A. rahira Bdv. (55 g). Both wings above light grey-yellow (male) or light grey (female); the veins in the distal part edged with black and at the distal margin widened into long triangular or rounded spots; basal and discal dots free and distinct; discal dots 1 b to 5 on the hindwing placed in an almost straight line and discal dots 6 and 7 forming nearly a right angle with them. The under surface is similar to the upper, only somewhat lighter and with reddish streaks in 1 b, 1 c and the cell between the basal and discal dots; distally to the discal dots runs in la to 5 a whitish transverse band about 2 mm. in breadth, which is basally bounded by a dark line; this line terminates at vein 5 or 6 and is more or less indicated on the upper surface also; it evidently corresponds to the proximal boundary of the marginal band; the latter scarcely differs from the ground-colour or has some reddish streaks on the interneural folds; at the distal margin the ground-colour is even lighter yellow, without, however, forming distinct marginal spots, the proximal boundary of the spots being entirely absent or only very indistinct. - Larva blackish with the thoracic legs yellow, a yellow lateral line and a white dorsal line;
the spines are short, yellow, placed in yellow spots; head also yellow; lives on Erigeron. Pupa whitish with black markings.
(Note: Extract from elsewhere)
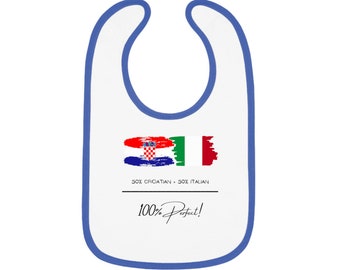 Bavoir bébé croate italien en jersey à bordures contrastantes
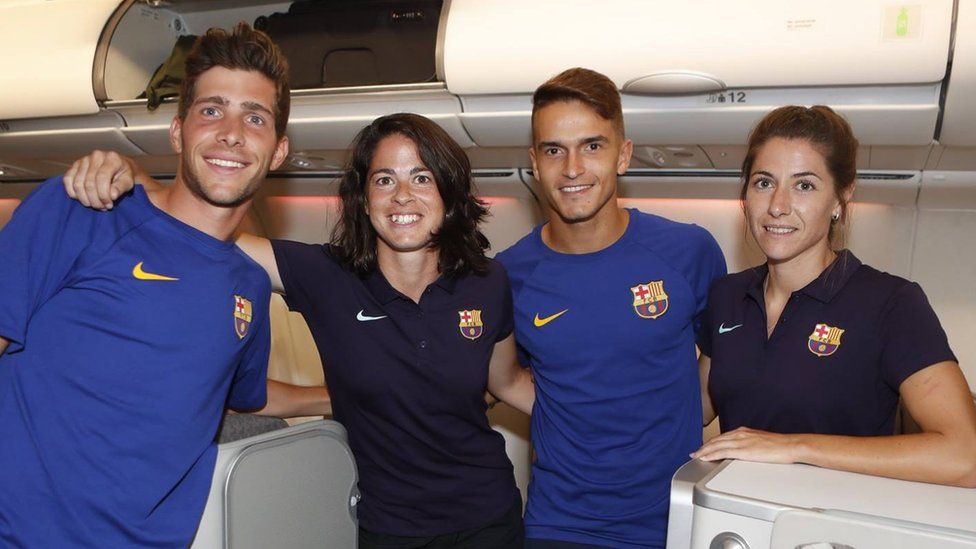 Barcelona puts women's team in economy while men fly up front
This very distinct species is fond of damp and marshy places and occurs in the whole of South Africa to Angola and Rhodesia.

==Subspecies==
- Acraea rahira rahira (southern Africa, Zimbabwe, Mozambique to Malawi, southern Tanzania, Zambia, southern Zaire (Shaba), Angola, western Kenya, Uganda)
- Acraea rahira mufindi Kielland, 1990 (Tanzania)

==Biology==
Adults are on wing year round in warmer areas, with a peak from September to April. In cooler areas it is only found in the hot summer months.
The larvae feed on Persicaria attenuata africana and Conyza canadensis.